Very good set-up but ends prematurely. I think we need to know if Julio kills his target.
[310]
The rain was not much. It drifted in fine mist from the high iron-colored clouds, freckling the dry streets briefly, then disappearing.
Julio wished that it would rain or that it would not rain.
(p.35)
[311]
Julio was going to be a pharmacist – everybody knew that, though no one believed it.
(p.40)
[312] References:
Near Cuernavaca, by the caverns of Cacahuamilpa, Grandfather had seen a man lying still in the bushes. The man was dead. But not only that – he had been dead for a long time. Grandfather used to sit after the coffee and tell about it; and it was always terrifying because Grandfather had a quiet way of talking, without emphasis, without excitement.
(p.41)
Cuernavaca (“near the woods”) is the capital and largest city of the state of Morelos in Mexico. It is south of Mexico City.

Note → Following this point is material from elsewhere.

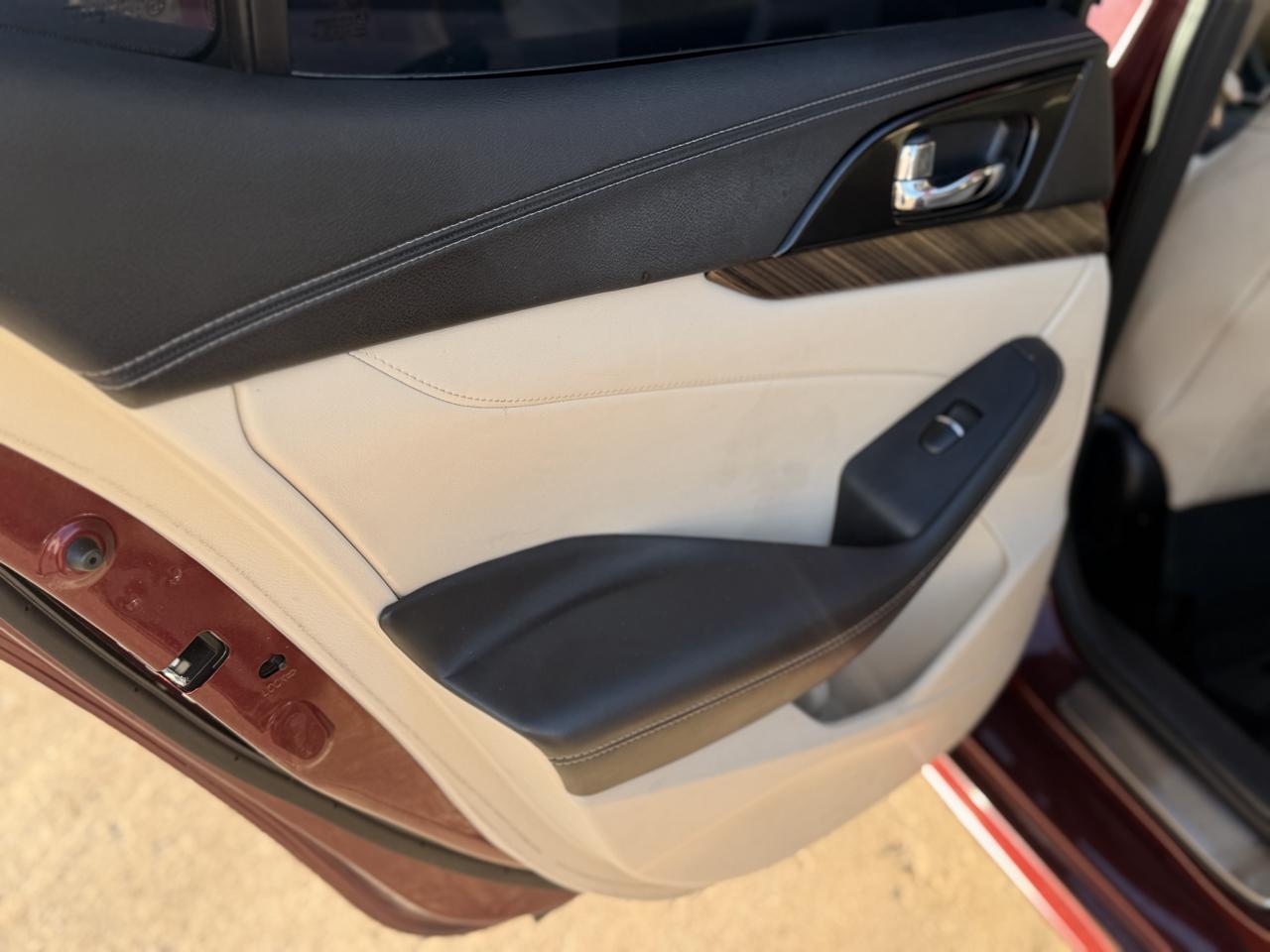 Nissan Maxima 4dr Sdn 3.5 Platinum 2016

The Grutas de Cacahuamilpa National Park in Guerrero, Mexico, is best known for the Grutas de Cacahuamilpa Caverns, which are one of the largest cave systems in the world.
[313] Translate:
“Quien fue el hombre, Papa?”
“Quien? Un hombre muy importante en el pueblo!” (…)
“Como murio el hombre?”
(p.41)
Spanish: “Who was the man, Father?”
“Who? A very important man in the village!”
“How did the man die?”
[314] Reference:
“They got Billy Daniels and a picture that’s supposed to be good.”
(p.41)
William Boone Daniels (1915 – 1988) was an African American singer active in the United States and Europe from the mid-1930s to 1988, notable for his hit recording of “That Old Black Magic” and his pioneering performances on early 1950s television.